美味しいビールを提供するには知識より「思想」
――ずっとビールと共に暮らしてきて、そのなかでも思い入れのあるビールというのはあるのでしょうか。
安藤 うーん。難しい質問ですけど、これ以上のビールはないだろうなと思うのは、チェコの「ピルスナーウルケル」です。うちでも扱っているんですけど、工場から直で空輸してもらってます。
僕がビールにハマったきっかけはエールですけど、やっぱりビールを突き詰めていくと、どこまでいってもラガーに勝てないということに気づくんですよ。いわゆる醸造技術が全然違うからです。
よく言うのは、エールビールって足し算なんですよ。いろんなものを入れた味の多いビール。逆にラガービールは引き算。必要ないものを全部そぎ落としているんです。でも、それを作ろうと思ったら、巨大な設備と高度な醸造技術がないと無理なんです。で、じつはそのラガービールの醸造において、世界最高の技術力を持っているのが日本の4大メーカーなんです!
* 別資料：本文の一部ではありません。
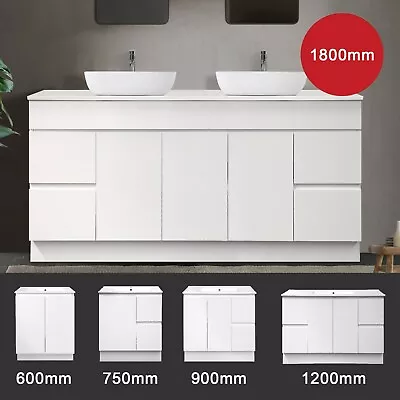 Bathroom Vanity Cabinet 600 750 900 1200 1500 1800mm Finger Floor Free Standing  • $478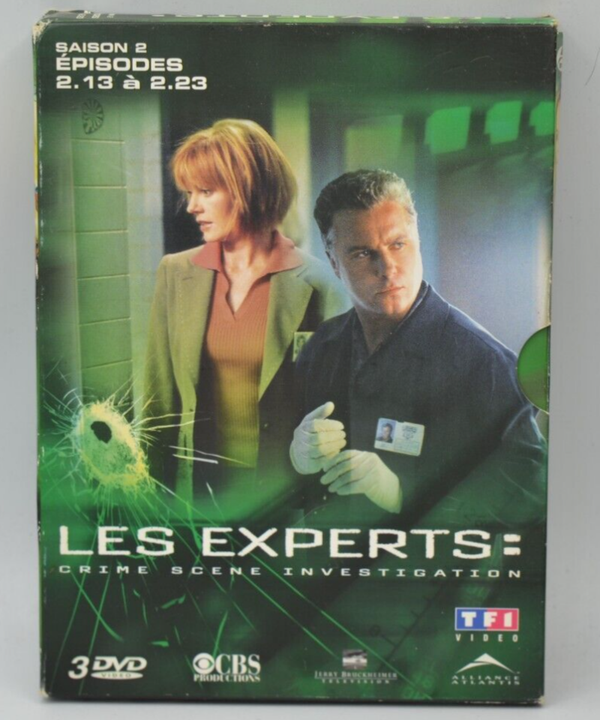Les Experts - Saison 2 - épisodes 13 à 23 partie 2 - 3 DVD - DVD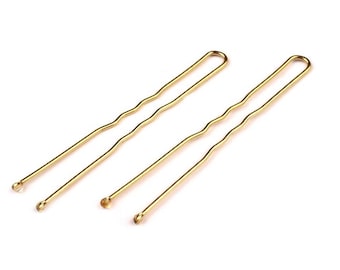 Metal Hair Pins 6 Cm Silver, Gold, Bronze for Bun Pins, Hair
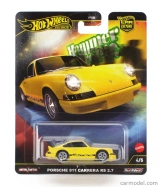 Mattel hot wheels Porsche 911 Carrera Rs 2.7 Coupe 1973 1:64 Žlutá Černá
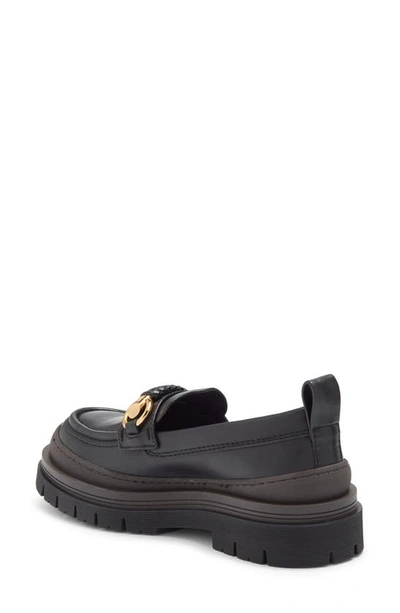 Shop See By Chloé Maya Horse Bit Chunky Sole Loafer In Nero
だから「影響を受けたビールはなんですか?」と聞かれれば、「ピルスナーウルケル」と答えますけど、醸造技術力の面で言えば日本の4大メーカーですね。
――こちらでもエビスを出していますが、なんというか……本当においしいですよね。
安藤 そう、ビールって美味しいんです。でも、扱い方で味は大きく変わります。僕が最初にお店の子に教えるのは。「思想」ですね。このビールはどんなホップを使ってとか、そんなことネットに書いてあるんで、どうでもいいんです。「ビールと向き合うということはどういうことなのか」っていう思想を教えます。ここまでやんないといけないんだぞって。
――たとえば、どんなことでしょう?
安藤 まず 「ビールを絶対に動かさない」こと。動かすと作り手のイメージする味から変わってしまいます。あとは「片付けの大事さ」。ビールを醸造してるところでは、仕事の8〜9割が掃除だといっても過言ではありません。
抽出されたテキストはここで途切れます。